Embracing Resilience
Resilience isn't just about bouncing back—it's about thriving through challenges, uncertainty, and change.
It’s also a skill you can learn and continue to evolve. To me it’s about embracing being uncomfortable, backing yourself, believing ‘you've got this’ and not giving up.
Personally I’ve developed most of my resilience through physical challenges. You experience discomfort, need to overcome fear, and you have to keep trying and trying to get there. I’ve found ultimately, I can get the results I am chasing through mindset and persevering. You’ve got to want the outcome enough to embrace the resilience needed to get there, especially in the moments where it gets really hard and you want to give up. You’ve making a choice to continue.

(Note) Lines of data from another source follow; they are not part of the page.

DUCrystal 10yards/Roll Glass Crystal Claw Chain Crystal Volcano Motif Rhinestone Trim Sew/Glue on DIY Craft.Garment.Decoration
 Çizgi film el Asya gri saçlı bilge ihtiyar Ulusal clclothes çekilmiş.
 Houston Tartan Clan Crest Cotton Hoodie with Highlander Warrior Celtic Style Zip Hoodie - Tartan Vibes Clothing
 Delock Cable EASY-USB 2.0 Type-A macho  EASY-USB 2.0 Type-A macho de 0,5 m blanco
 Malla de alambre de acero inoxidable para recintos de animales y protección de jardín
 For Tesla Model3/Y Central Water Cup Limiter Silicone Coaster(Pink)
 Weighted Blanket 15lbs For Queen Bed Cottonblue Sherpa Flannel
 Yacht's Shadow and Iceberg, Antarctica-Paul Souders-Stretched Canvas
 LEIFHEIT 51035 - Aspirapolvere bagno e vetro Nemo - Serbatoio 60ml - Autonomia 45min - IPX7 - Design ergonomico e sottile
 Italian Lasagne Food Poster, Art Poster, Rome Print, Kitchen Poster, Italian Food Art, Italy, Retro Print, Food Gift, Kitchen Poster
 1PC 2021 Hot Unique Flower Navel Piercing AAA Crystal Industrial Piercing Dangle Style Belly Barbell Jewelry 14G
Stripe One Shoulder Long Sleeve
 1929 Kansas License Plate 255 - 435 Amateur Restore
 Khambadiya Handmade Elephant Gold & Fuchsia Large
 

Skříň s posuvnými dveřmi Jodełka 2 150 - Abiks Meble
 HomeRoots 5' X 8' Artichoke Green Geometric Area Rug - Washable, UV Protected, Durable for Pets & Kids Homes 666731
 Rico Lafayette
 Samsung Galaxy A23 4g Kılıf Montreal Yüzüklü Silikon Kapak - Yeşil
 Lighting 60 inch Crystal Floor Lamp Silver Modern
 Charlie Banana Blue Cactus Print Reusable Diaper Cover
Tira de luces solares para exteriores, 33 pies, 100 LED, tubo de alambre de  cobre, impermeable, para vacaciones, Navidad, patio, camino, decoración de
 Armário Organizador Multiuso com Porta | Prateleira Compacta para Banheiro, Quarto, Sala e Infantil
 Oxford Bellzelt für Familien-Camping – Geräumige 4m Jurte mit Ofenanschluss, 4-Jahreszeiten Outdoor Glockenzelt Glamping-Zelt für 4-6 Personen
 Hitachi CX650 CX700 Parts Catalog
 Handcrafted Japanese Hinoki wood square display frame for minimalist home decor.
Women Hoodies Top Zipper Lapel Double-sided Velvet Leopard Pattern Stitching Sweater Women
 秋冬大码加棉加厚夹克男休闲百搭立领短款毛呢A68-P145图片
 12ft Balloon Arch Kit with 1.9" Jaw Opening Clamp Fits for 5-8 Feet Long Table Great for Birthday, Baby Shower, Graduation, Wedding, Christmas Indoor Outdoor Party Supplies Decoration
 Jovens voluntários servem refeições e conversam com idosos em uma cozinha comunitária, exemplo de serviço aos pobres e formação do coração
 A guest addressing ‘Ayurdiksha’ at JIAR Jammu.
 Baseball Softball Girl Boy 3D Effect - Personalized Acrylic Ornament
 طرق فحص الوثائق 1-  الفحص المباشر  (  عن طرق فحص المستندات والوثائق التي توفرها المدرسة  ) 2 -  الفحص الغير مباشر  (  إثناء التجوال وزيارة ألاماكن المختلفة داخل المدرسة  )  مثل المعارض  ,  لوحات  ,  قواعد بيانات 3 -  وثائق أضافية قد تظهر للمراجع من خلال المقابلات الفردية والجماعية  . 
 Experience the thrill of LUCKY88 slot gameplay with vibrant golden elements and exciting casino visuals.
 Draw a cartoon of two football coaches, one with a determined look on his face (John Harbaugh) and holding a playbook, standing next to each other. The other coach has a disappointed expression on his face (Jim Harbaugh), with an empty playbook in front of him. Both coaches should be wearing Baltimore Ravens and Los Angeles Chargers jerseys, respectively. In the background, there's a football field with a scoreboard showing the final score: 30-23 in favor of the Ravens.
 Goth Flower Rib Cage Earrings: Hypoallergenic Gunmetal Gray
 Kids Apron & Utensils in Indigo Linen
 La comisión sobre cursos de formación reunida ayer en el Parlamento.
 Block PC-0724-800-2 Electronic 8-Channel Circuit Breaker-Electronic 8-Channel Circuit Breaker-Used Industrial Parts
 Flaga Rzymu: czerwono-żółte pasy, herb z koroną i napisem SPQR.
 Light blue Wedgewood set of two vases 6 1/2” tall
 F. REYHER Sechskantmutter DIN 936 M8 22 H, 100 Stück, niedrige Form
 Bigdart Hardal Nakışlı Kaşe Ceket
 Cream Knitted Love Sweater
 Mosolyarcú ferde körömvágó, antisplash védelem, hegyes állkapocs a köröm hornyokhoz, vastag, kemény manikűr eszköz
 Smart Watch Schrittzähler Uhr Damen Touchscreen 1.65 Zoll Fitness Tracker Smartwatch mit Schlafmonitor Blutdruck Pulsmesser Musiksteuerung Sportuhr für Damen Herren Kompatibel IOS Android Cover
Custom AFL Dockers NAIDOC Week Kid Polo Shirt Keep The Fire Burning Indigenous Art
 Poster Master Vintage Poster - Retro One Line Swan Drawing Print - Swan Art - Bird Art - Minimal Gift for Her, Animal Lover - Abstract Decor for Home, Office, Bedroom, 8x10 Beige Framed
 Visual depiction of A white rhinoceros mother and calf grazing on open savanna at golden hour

If you’ve ever been in a really dark moment in an event and kept going, that feeling of being able to handle difficult stuff stays with you, and makes you better equipped to take on things you want that are difficult, or involve some calculated risks.
Endurance mindset
I’m naturally drawn to outdoor endurance activites such as swimming, cycling and running which has definitely helped. Through competing in these sports and taking on challenges I’ve pushed beyond previous or perceived limits.
I’ve also found weight and agility training has helped, such as setting a goal to be able to do something you really want to do like lift a certain weight, and working through a training program to achieve that. A few years ago I worked through goals of being able to do 10 chinups, popups and a front vault which took months to achieve, but helped me see it was possible to do something that previously seemed impossible.
Improv - becomeing confident in uncertain contexts
Unexpectedly, I’ve also found taking improv classes, which I did for fun over a decade ago in Wellington, had the spin-off effect of making me feel very comfortable in ambiguous or uncertain contexts, in both work and life.
In improv you learn how to ‘accept the offer’ of whatever is said or being done and respond or build on that, whatever you might have been thinking was about to happen or you were planning to say. This helps you deal with what’s in front of you, and also give you confidence you can handle whatever is thrown at you, because you’ve experienced that already in a ‘safe’ (and also playful) space. If you’ve never done improv, highly recommend a term or two, it’s a lot of fun.
You are capable of more than you think
Experiencing how you are capable of more than you previously thought is a massive confidence boost which spills over into other areas of life. All of these things have helped create a solid foundation of self-efficacy and resilience that I draw on when I need to. That and making a cup of tea, after which everything is always a better!
How might you evolve your resilience? What outcome do you want so much you are prepared to embrace what it takes to get it?